O rock foi sempre outra história. Embora grupos como Noir Désir, Mano Negra ou Têtes Raides tenham constituído durante os anos 80 e 90 excepções a uma sonoridade áspera, monocromática e demasiado ensimesmada, incapaz de romper com uma formatação quadrada e em que a ambição pelos estádios ou pelas salas mais esconsas parecia partilhar a mesma faltar de horizontes, só nos últimos três/quatro anos as guitarras francesas foram capazes do mesmo golpe de travestismo com que a pop sempre se exibiu de forma descomplicada. A um ritmo anual, Fauve, La Femme e, agora, os Feu! Chatterton mostram que o rock acelerou o passo e é agora capaz de soar inequivocamente francês, convocar a história da canção dentro de portas, sem se barricar numa qualquer ideia circular que parecia mantê-lo atrelado aos anos 80, num eterno dia seguinte ao da morte de Ian Curtis.

Depois de um primeiro EP homónimo que rebentou com estrondo em 2014, os Feu! Chatterton vincam no seu álbum de estreia a certeza de que terem o ar das suas canções impregnado de Serge Gainsbourg e Alain Bashung não é incompatível com uma filiação em sonoridades pós-punk associáveis aos Bad Seeds de Nick Cave (quando as canções enveredam por uma tensão de trepar paredes), em melancolias do avesso conforme patenteadas pelos Radiohead (quando as canções descomprimem, ainda que sem descartar a carga obsessiva) ou no jogo de cintura estilístico colhido aos pés de David Bowie.
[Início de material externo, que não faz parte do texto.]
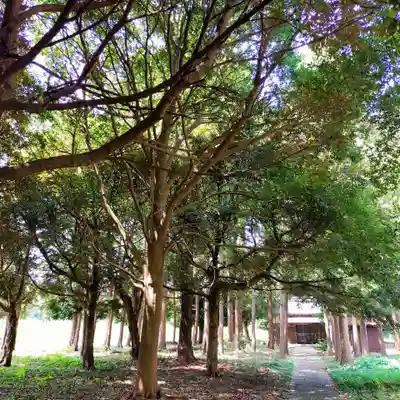 火皇子神社(千葉県)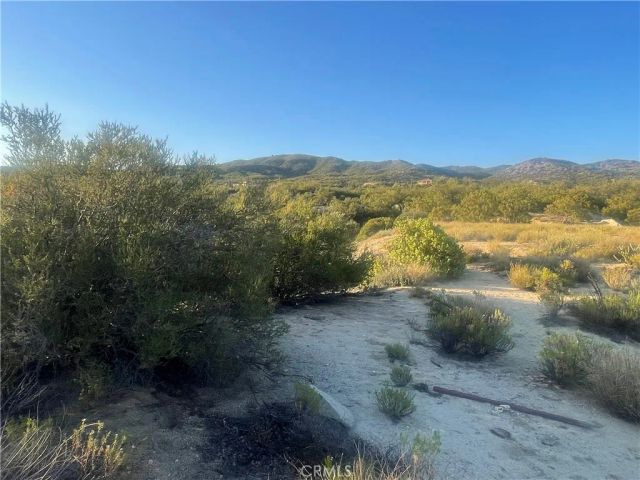 33 Sweetbush, Anza, CA 92539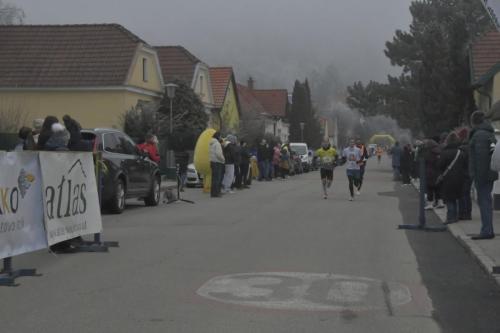 61. Hirtenberger Silvesterlauf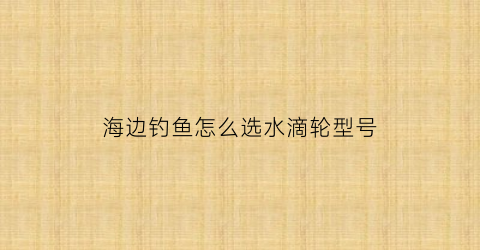 “海边钓鱼怎么选水滴轮型号(海钓路亚水滴轮推荐)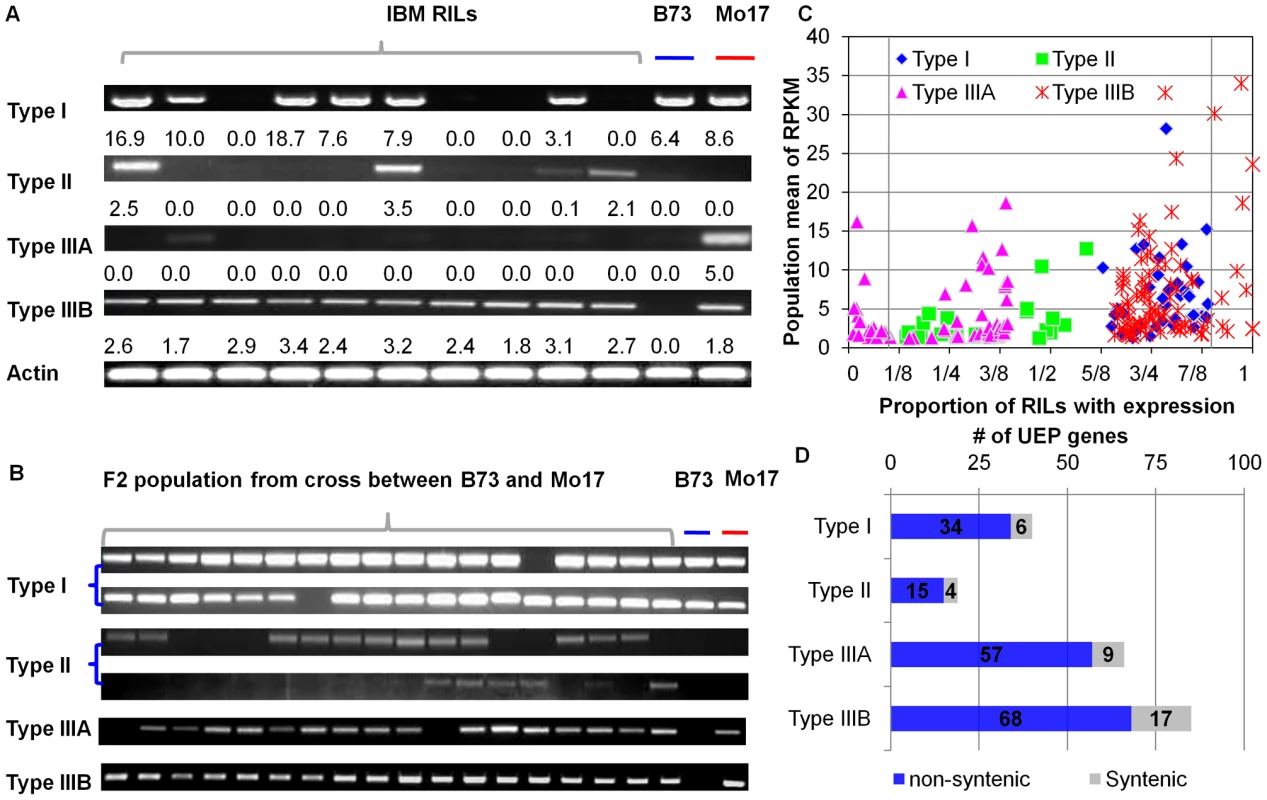 Four types of unexpected expression patterns between the RILs and their parents.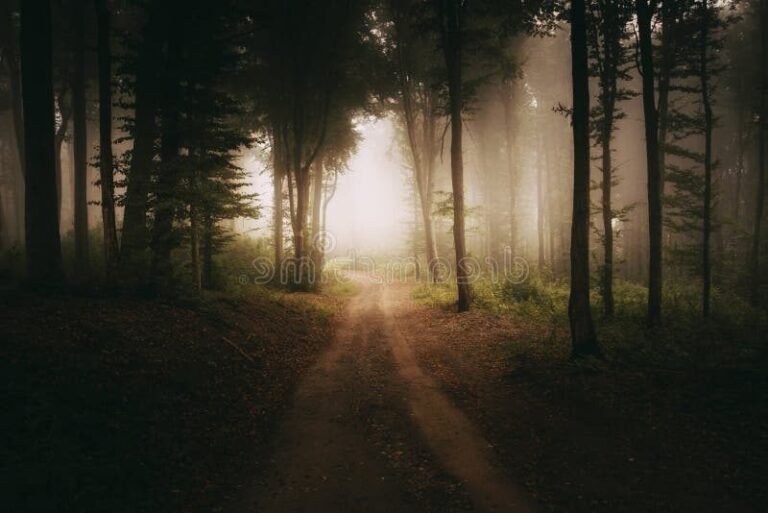 Que faire à ceux qui ont tout perdu pour retrouver espoir 40 un chemin lumineux dans une foret sombre
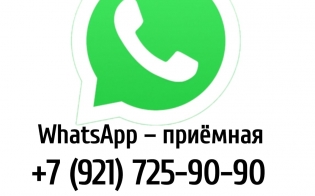 WhatsApp-приемная детской областной больницы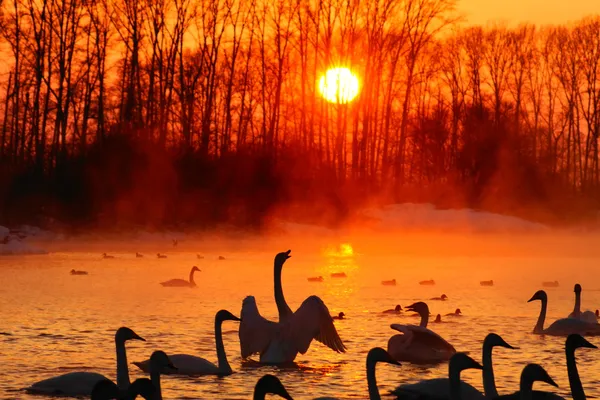 Puesta de sol en el brillante (cisne) lago en invierno . Imagen de stock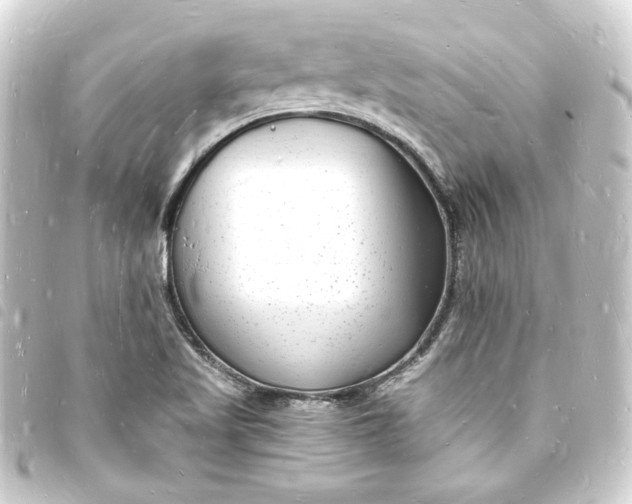 X0000093721509200710301014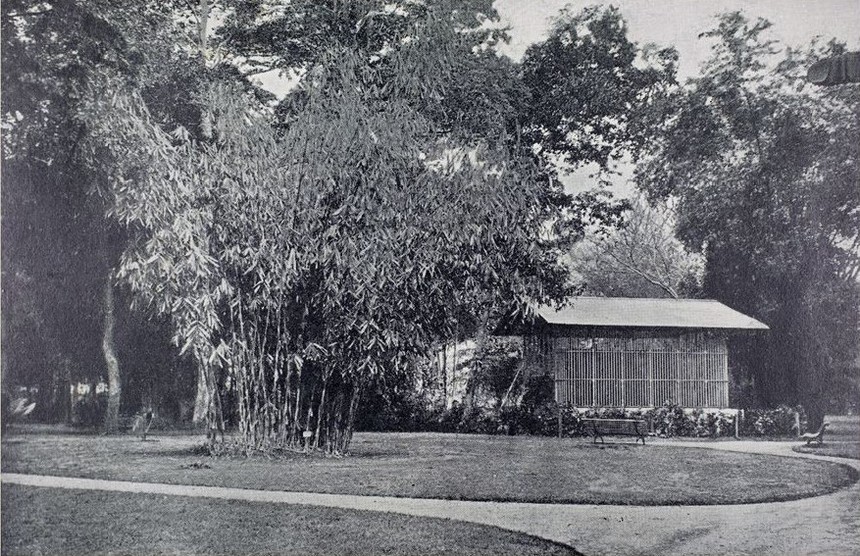 Ảnh = Ký ức = Lịch sử (kỳ 84): Từ Thảo Cầm Viên Sài Gòn… - Ảnh 13.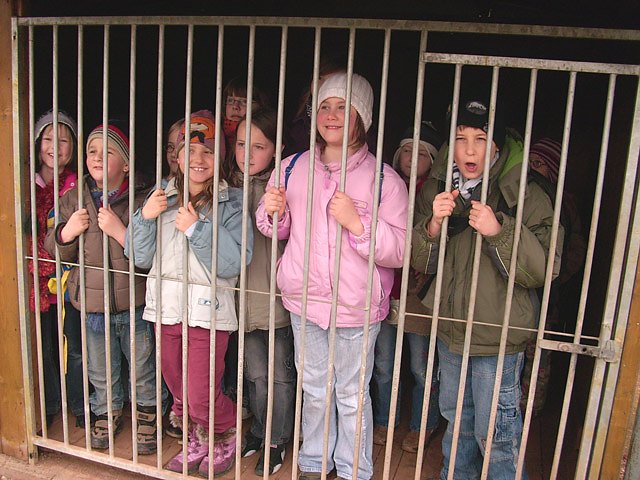 Im Gnadenhof mit dem JUST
Essencial no estabelecimento desta linguagem inflamável é a voz de Arthur Teboul enquanto poeta ansioso, magnífico cuspidor de frases nervosas (Fou à Lier e sobretudo La Mort dans la Pinède são perfeitos exemplos dessa relação exaltada com a palavra). Se a música dos Feu! Chatterton voga sempre por águas de um envolvente rock-swing que nos cerca (oiça-se Boeing), é a fibra de Teboul enquanto diseur (a quem foi oferecida toda uma banda para ilustrar os seus desvarios de dandy fora de época) que eleva, e muito, os Feu! Chatterton acima da vulgaridade.